Grilled Rib Eye Brochettes with Charmoula
- 1 4-ounce bunch flat-leaf parsley, stemmed and coarsely chopped
- 2 small red onions, cut into 1 1/2-inch pieces
- 6 1 1/2-inch-thick boneless rib eye steaks (7 1/2 pounds)—excess fat trimmed, steaks cut into 1 1/2- to 2-inch cubes
- Kosher salt
- 1 cup extra-virgin olive oil, plus more for grilling
- 0.25 cup fresh lemon juice
- Pinch of saffron threads
- 1 tsp cayenne
- 1 tsp smoked paprika
- 2 Tbsp sweet paprika
- 1 Tbsp ground coriander
- 2 Tbsp ground cumin
- 3 garlic cloves, minced
- 1 4-ounce bunch cilantro, coarsely chopped with stems
- 2 large red bell peppers, cut into 1 1/2-inch pieces
- In a food processor, combine the parsley with the cilantro, garlic, cumin, coriander, sweet and smoked paprikas, cayenne and saffron and pulse until the herbs are finely chopped. Add the lemon juice and the 1 cup of olive oil and pulse to incorporate. Add 1 tablespoon of salt. Scrape half of the charmoula into a small bowl and refrigerate.
- Scrape the remaining charmoula into a very large bowl. Add the steak cubes and turn to coat with the charmoula. Let stand at room temperature for 2 hours or refrigerate for up to 4 hours.

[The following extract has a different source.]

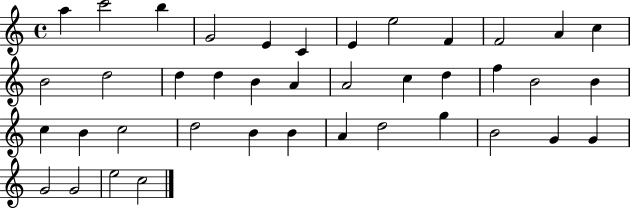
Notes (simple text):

A5/q C6/h B5/q G4/h E4/q C4/q E4/q E5/h F4/q F4/h A4/q C5/q B4/h D5/h D5/q D5/q B4/q A4/q A4/h C5/q D5/q F5/q B4/h B4/q C5/q B4/q C5/h D5/h B4/q B4/q A4/q D5/h G5/q B4/h G4/q G4/q G4/h G4/h E5/h C5/h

- Light a grill. Thread 3 chunks of rib eye onto a long skewer, adding a piece of onion and red bell pepper between each piece of meat. Grill over high heat for about 15 minutes, turning the skewers occasionally, until the meat and vegetables are lightly charred in spots and the meat is cooked medium-rare to medium. Serve the skewers with the reserved charmoula.
MAKE AHEAD The charmoula and grilled rib eye can be refrigerated separately for up to 2 days.